Work to be completed: Although pictures appear in the data, the answer should contain only the lines from its start through the line with "Modal Ultra-thin Ice", written out exactly.

Data entries:
::::::::::
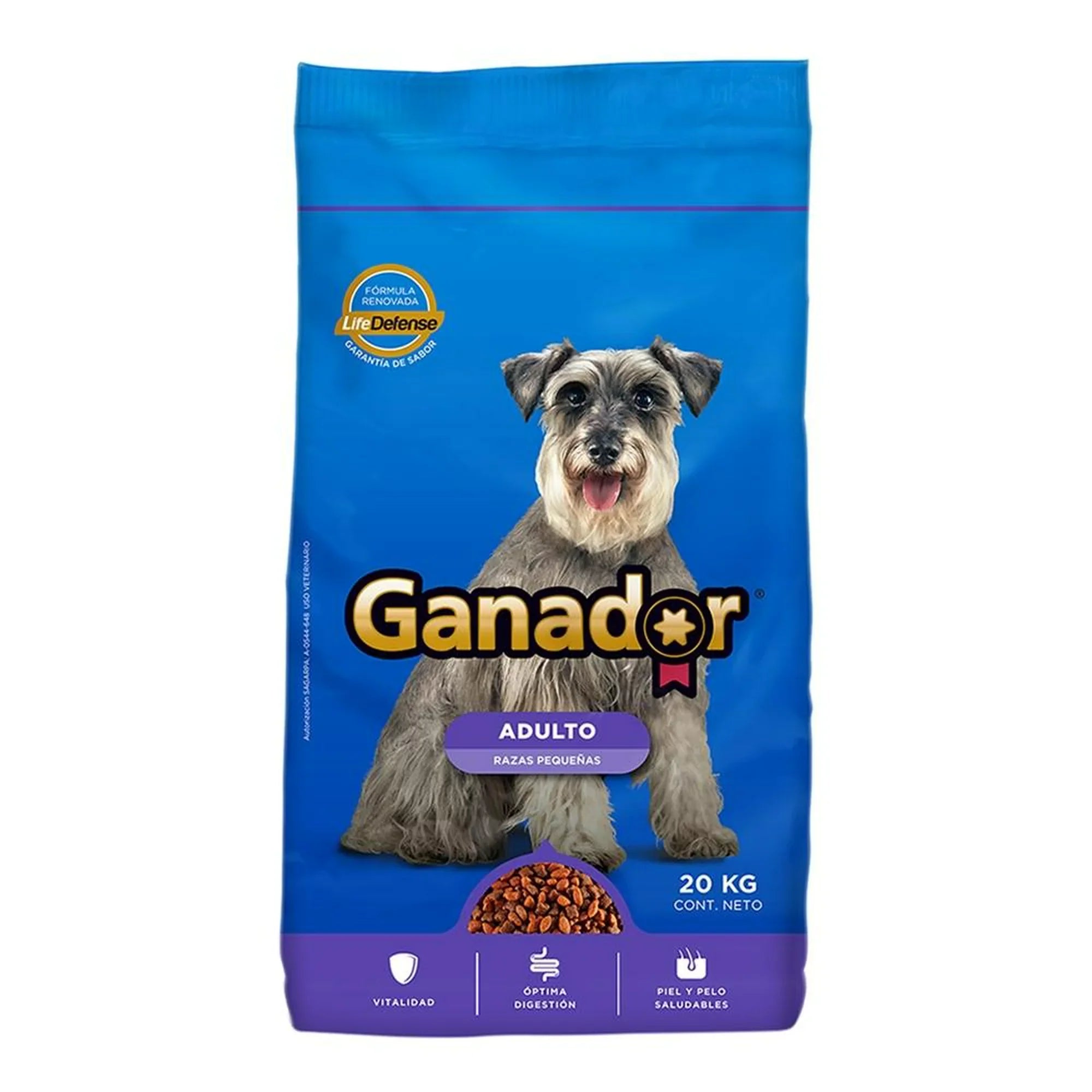 ALIMENTO P/PERRO GANADOR ADULTO RAZAS PEQUEÑAS 23% PROTEINAS BULTO 20  KG.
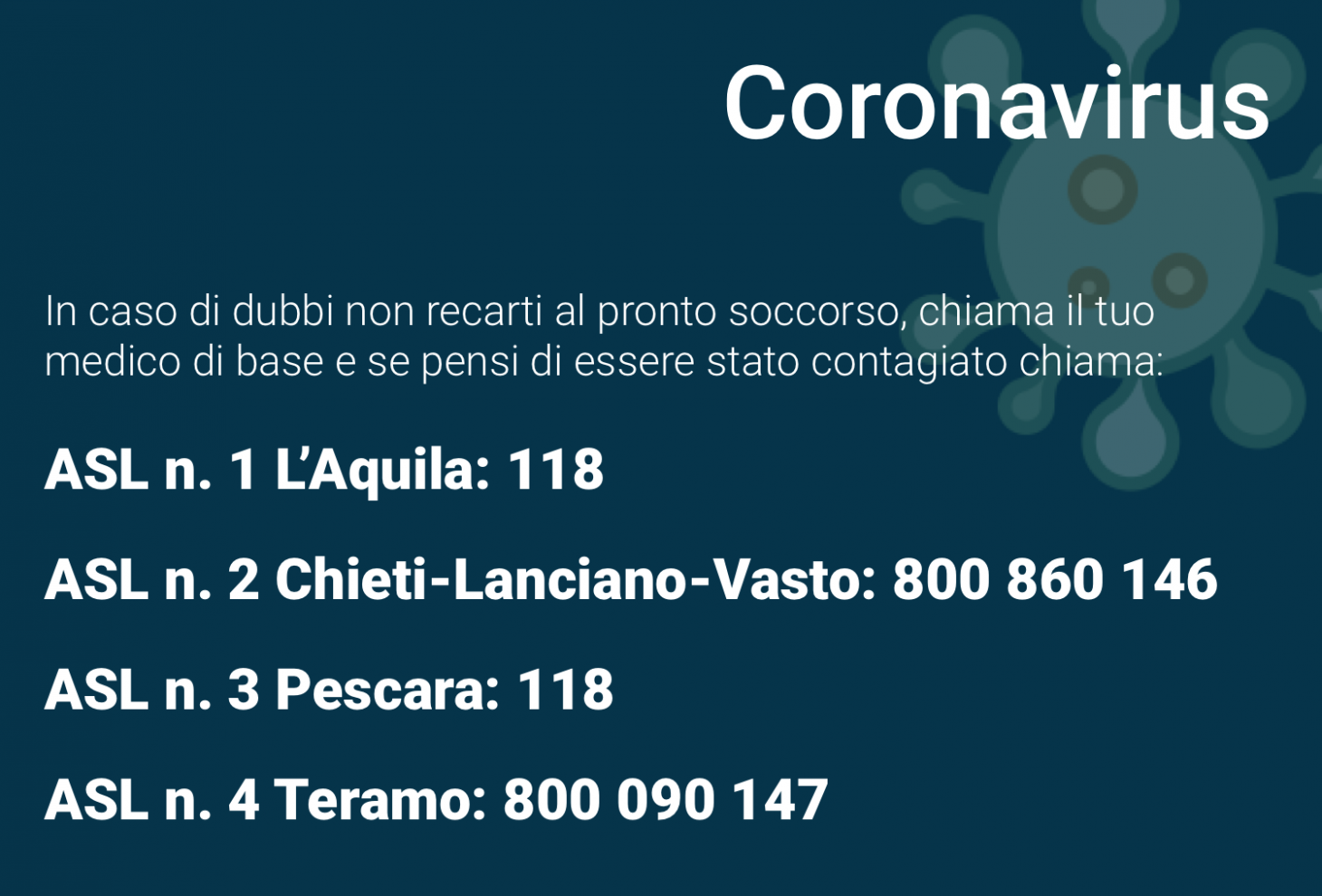 Emergenza Coronavirus. Ordinanza del Presidente della Giunta Regionale.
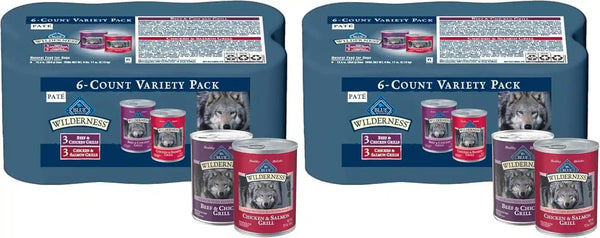 Blue Buffalo Wilderness Adult Wet Dog Food Variety Pack, Beef & Chicken Grill, 32G Protein, and Chicken & Salmon Grill, 35G Protein, Grain-Free & High-Protein, Natural, 12.5-Oz. Each (6 Cans)11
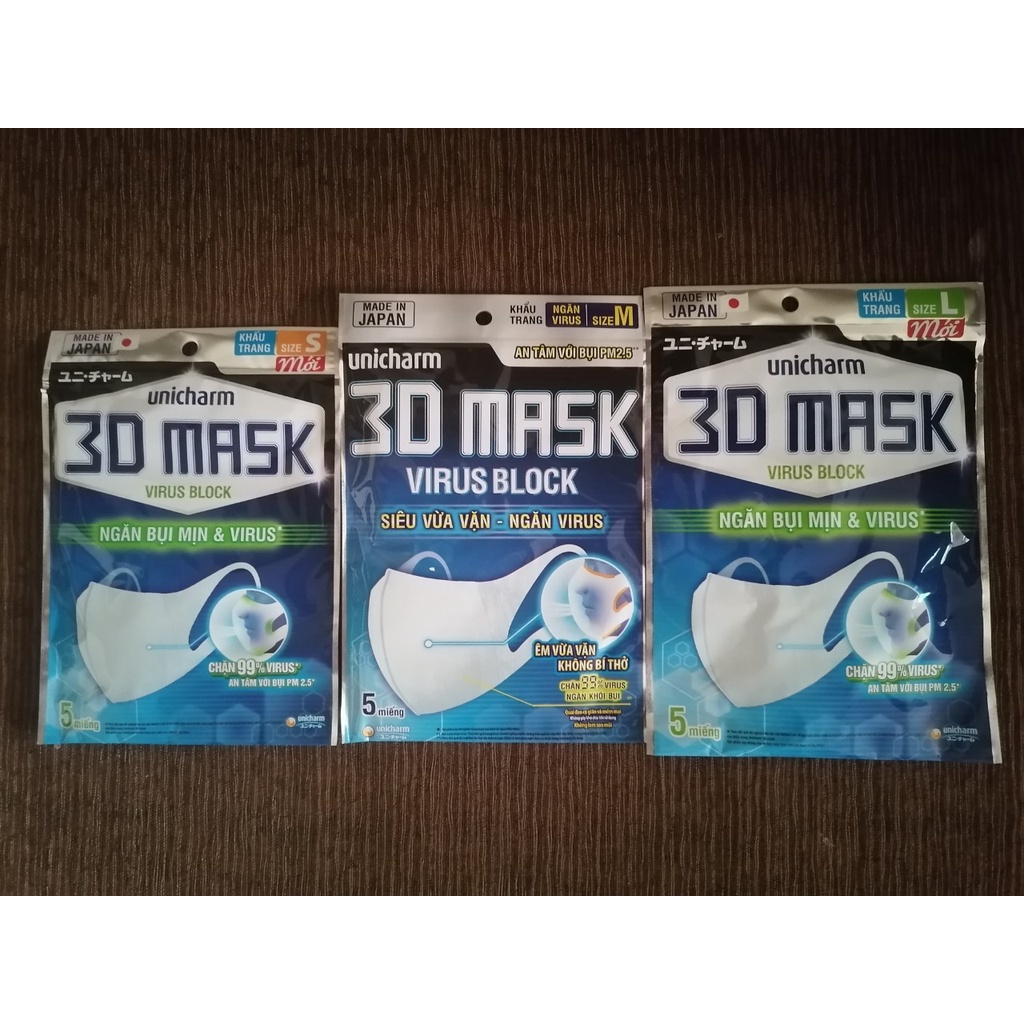 Khẩu trang ngăn vi khuẩn Unicharm 3D Mask Virus Block size M gói 5 miếng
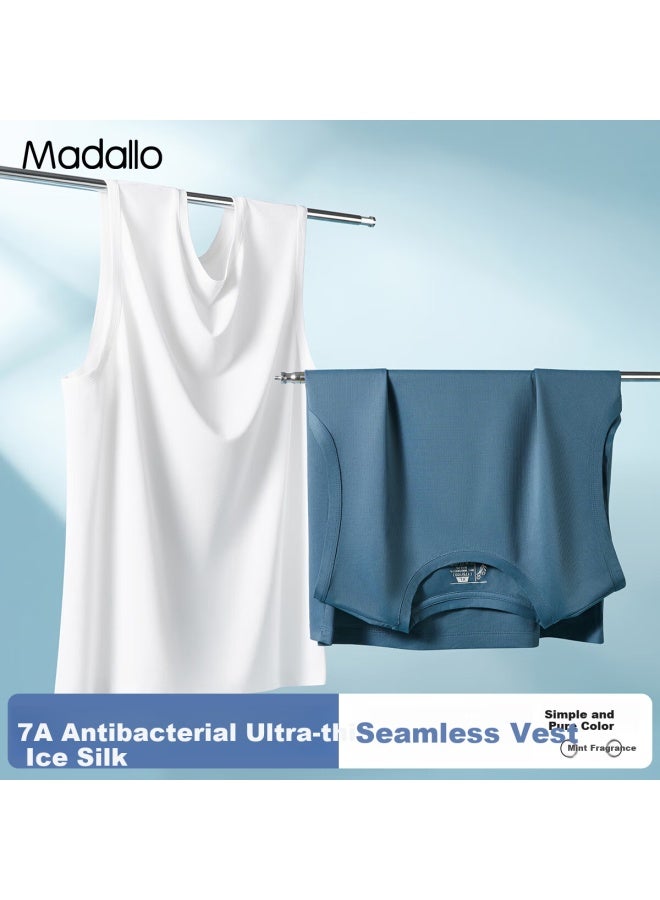 Modal Ultra-thin Ice Silk Men's Wide Shoulder 7a Antibacterial Inner Wear Crossbar Sports Summer Sleeveless Undershirt 25 New Model - Image 2
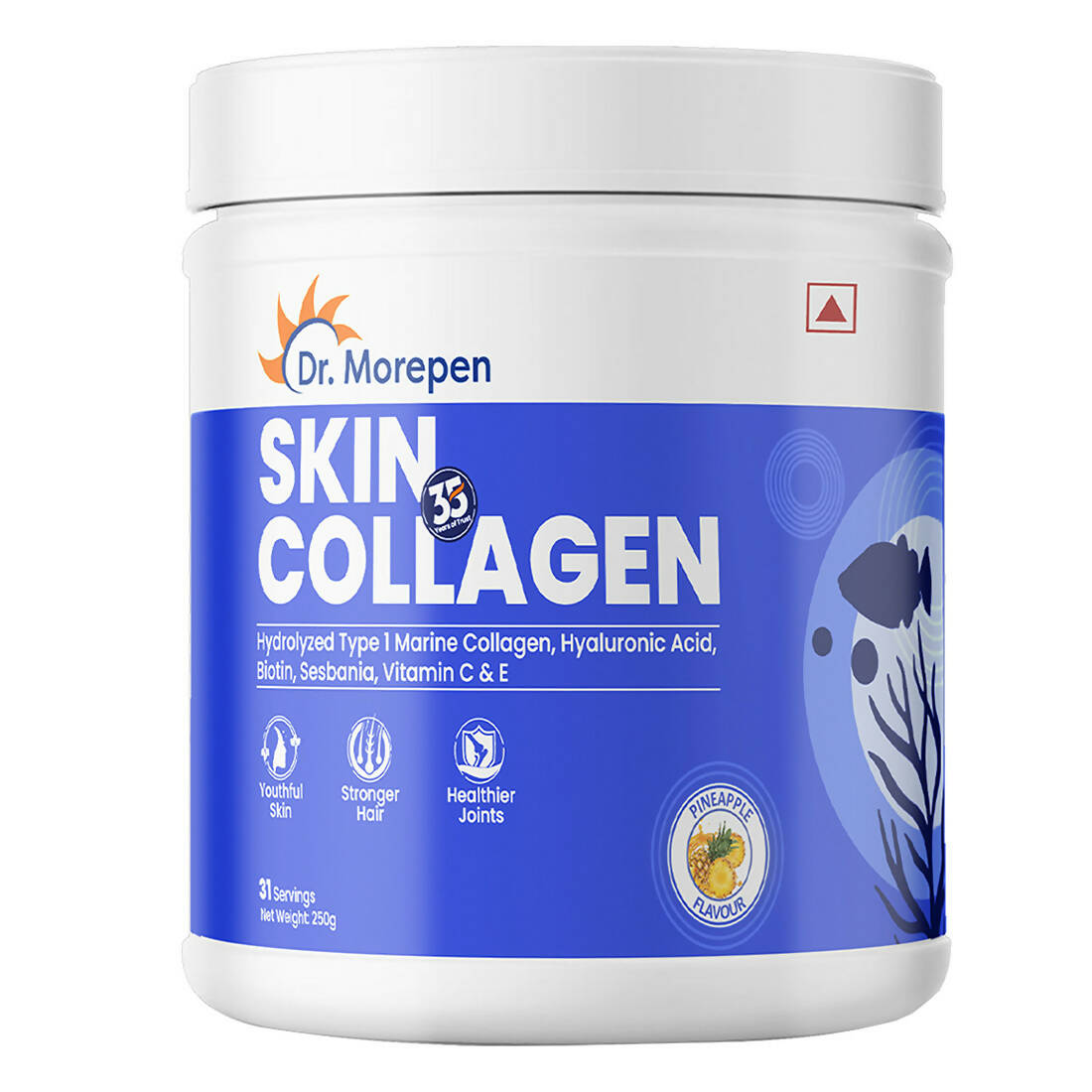 Dr. Morepen Skin Collagen Protein Powder With Hyaluronic Acid, Vitamin C, Sesbania & Biotin - Pineapple Flavour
::::::::::
Solved exercise:
 ALIMENTO P/PERRO GANADOR ADULTO RAZAS PEQUEÑAS 23% PROTEINAS BULTO 20  KG.
 Emergenza Coronavirus. Ordinanza del Presidente della Giunta Regionale.
 Blue Buffalo Wilderness Adult Wet Dog Food Variety Pack, Beef & Chicken Grill, 32G Protein, and Chicken & Salmon Grill, 35G Protein, Grain-Free & High-Protein, Natural, 12.5-Oz. Each (6 Cans)11
 Khẩu trang ngăn vi khuẩn Unicharm 3D Mask Virus Block size M gói 5 miếng
 Modal Ultra-thin Ice Silk Men's Wide Shoulder 7a Antibacterial Inner Wear Crossbar Sports Summer Sleeveless Undershirt 25 New Model - Image 2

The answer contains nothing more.